AMD is facing heat for the way it handled the entire Spectre episode, and for continually selling its processors while the drama unfolded.
The latest round of class-action lawsuits have been filed on behalf of disgruntled consumers, who claim to have been kept in the dark regarding performance hits and security concerns.
Sold Without Patches
According to the lawsuit, AMD continued to sell its Threadripper 1950X and 1920X processors, despite being informed of the vulnerabilities by Google’s Project Zero team back in June.

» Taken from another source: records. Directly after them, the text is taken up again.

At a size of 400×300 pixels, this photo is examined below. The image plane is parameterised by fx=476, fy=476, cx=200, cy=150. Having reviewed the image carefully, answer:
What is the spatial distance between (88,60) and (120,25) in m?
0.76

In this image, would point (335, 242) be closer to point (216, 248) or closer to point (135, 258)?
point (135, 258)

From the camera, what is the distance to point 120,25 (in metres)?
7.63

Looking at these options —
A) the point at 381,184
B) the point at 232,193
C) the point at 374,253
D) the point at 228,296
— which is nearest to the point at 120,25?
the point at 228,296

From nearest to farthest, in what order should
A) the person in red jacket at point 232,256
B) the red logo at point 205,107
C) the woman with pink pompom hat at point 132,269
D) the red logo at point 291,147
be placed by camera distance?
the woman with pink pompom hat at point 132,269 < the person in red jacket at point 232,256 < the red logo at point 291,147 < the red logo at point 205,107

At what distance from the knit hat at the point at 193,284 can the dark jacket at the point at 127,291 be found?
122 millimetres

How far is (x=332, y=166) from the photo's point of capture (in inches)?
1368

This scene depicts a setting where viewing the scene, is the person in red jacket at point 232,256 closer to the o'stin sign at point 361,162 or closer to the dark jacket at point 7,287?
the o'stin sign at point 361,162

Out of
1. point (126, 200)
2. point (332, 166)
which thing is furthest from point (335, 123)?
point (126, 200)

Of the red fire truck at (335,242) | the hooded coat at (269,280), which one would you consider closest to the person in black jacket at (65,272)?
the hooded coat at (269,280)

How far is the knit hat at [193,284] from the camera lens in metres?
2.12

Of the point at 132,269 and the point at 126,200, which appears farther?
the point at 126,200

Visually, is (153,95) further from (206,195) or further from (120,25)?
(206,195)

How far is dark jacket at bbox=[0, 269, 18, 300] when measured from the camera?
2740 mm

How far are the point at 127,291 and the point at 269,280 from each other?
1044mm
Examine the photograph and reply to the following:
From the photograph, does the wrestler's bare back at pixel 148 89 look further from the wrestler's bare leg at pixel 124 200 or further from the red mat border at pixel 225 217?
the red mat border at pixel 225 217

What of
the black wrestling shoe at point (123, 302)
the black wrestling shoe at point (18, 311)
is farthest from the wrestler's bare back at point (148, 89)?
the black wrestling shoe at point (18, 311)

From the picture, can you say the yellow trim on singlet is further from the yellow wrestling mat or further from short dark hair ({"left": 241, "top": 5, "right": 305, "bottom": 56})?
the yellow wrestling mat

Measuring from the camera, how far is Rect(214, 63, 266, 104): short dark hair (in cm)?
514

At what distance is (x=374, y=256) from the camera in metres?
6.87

The first of the two lawsuits claims that the processors were released with vulnerabilities still not patched, which put users at a risk. According to the lawsuit,
Despite its knowledge of the Spectre defect, AMD continued to sell its processors to unknowing customers at prices much higher than what customers would have paid had they known about the Spectre defect and its threat to critical security features as well as on the processing speeds of the devices they purchased.
The second lawsuit claims that the software fixes for the bugs haven’t been adequate enough in protecting users from Spectre, meaning future updates will still be required, obviously on the back of performance hits.

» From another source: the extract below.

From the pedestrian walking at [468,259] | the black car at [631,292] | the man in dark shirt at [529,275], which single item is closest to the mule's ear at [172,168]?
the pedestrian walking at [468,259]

Defendant has been unable or unwilling to repair the security vulnerabilities in the subject CPUs or offer Plaintiff and class members a non-defective CPU or reimbursement for the cost of such CPU and the consequential damages arising from the purchase and use of such CPUs.
If the Spectre and Meltdown bugs themselves weren’t bad enough, the way companies such as AMD and Intel handled the situation has been enough to raise more than a few eyebrows. Intel’s own patches have just been released for its newest 7th and 8th generation chips, after bricking thousands of systems and not-to-mention, the performance drops.
Backlog of Lawsuits
AMD is already facing class-action lawsuits on behalf of its shareholders, with Intel fending off 32 of its own similar cases in courts. It remains to be seen how AMD will respond to the claims, now that it finds itself in increasingly deep waters.